The NEGEV NG7 SF Light Machine Gun is an advanced compact and lightweight machine gun in caliber 7.62X51mm that has been deployed in conflict zones around the world.
Battle proven by the IDF as well as multiple militaries and LE agencies in countries across the globe, the NG7 SF is extremely reliable under adverse environmental conditions such as mud, dirt, sand, rain and snow.

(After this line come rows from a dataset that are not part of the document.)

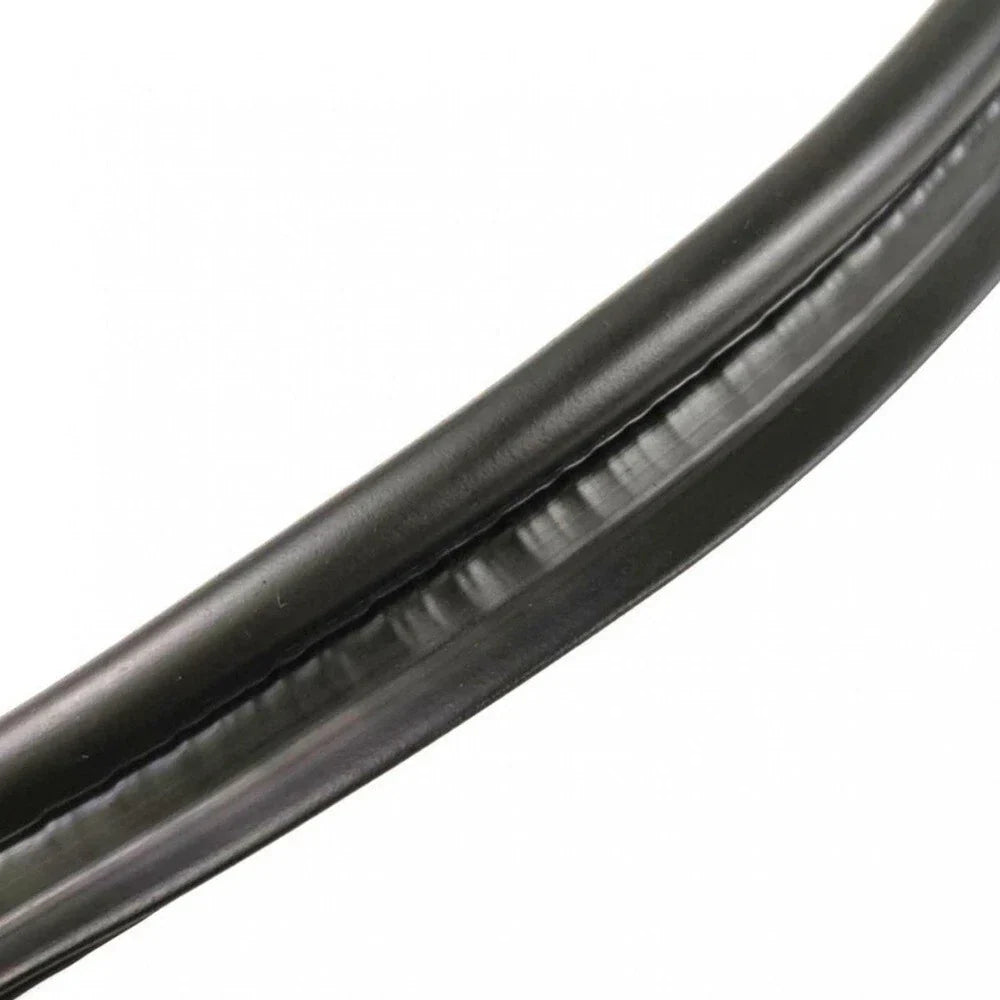 Trunk Lid Rubber Seal for Toyota Vios (2003-2018)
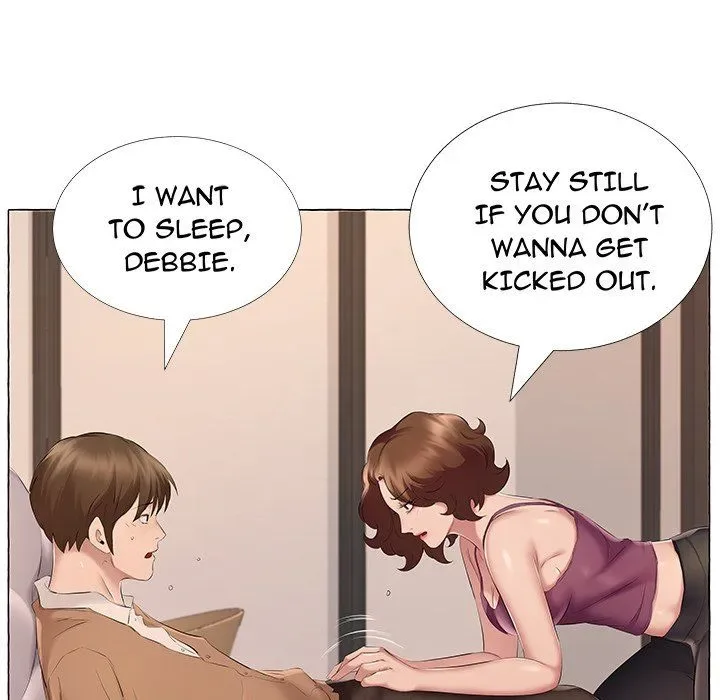 Chapter 12 — Page 16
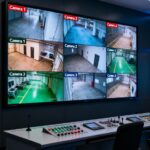 Why Regular Commercial Restaurant Equipment Service Prevents Costly Downtime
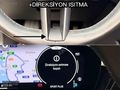 AKY MOTORS,BAYİ,2025 ÇIKIŞ,CHRONO SAAT,ISITMALI DİREKSİYN,MATRİX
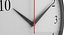 Office Clock 3
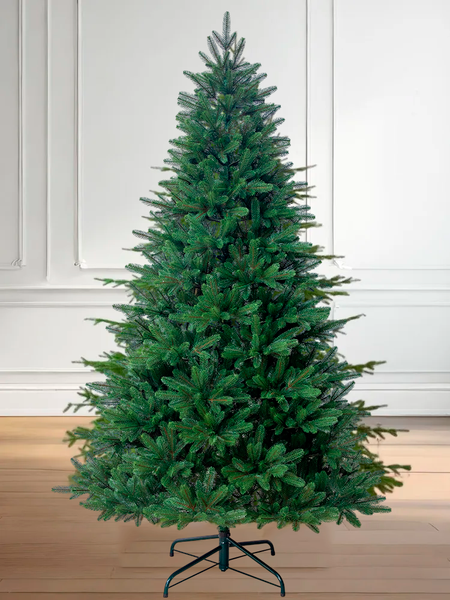 Изображение товара Ель искусственная National Tree Company Изящная 180см / NWPE-LE180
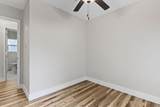 725 Tuxedo Drive - Photo 18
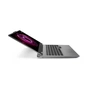 Ноутбук Lenovo LOQ 15AHP10 (83JG00FCRA) - зменшене зображення 12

This is the finest, lightest, most reliable LMG in the world!
Main features of the NG7 LMG SF:
Unique semi-auto firing mode that enables accurate and controlled fire for CQB plus full-auto capability for maximum fire power.
Gas regulator for rate of fire adjustment.
Cold hammer forged CrMoV chrome lined quick change barrel.
Uses standard NATO magazines, drum and belt-fed.
Incorporates four safety mechanisms that minimize the chances of uncontrolled fire.
Adjustable tritium sights are standard.
Included 45 degree assault handle allows for exceptional control while firing with a belt fed drum or magazine.
Extremely robust steel folding bi-pod.
Side-folding buttstock on both NG7 models with adjustable length and adjustable comb on the NG7 LMF SF.
Picatinny top rail welded to the receiver, not the loading gate, provides continuous and repeatable “Zero” with your choice of optics.
Quick dismantling in the field for routine maintenance.
True OTB (over-the-beach) capability.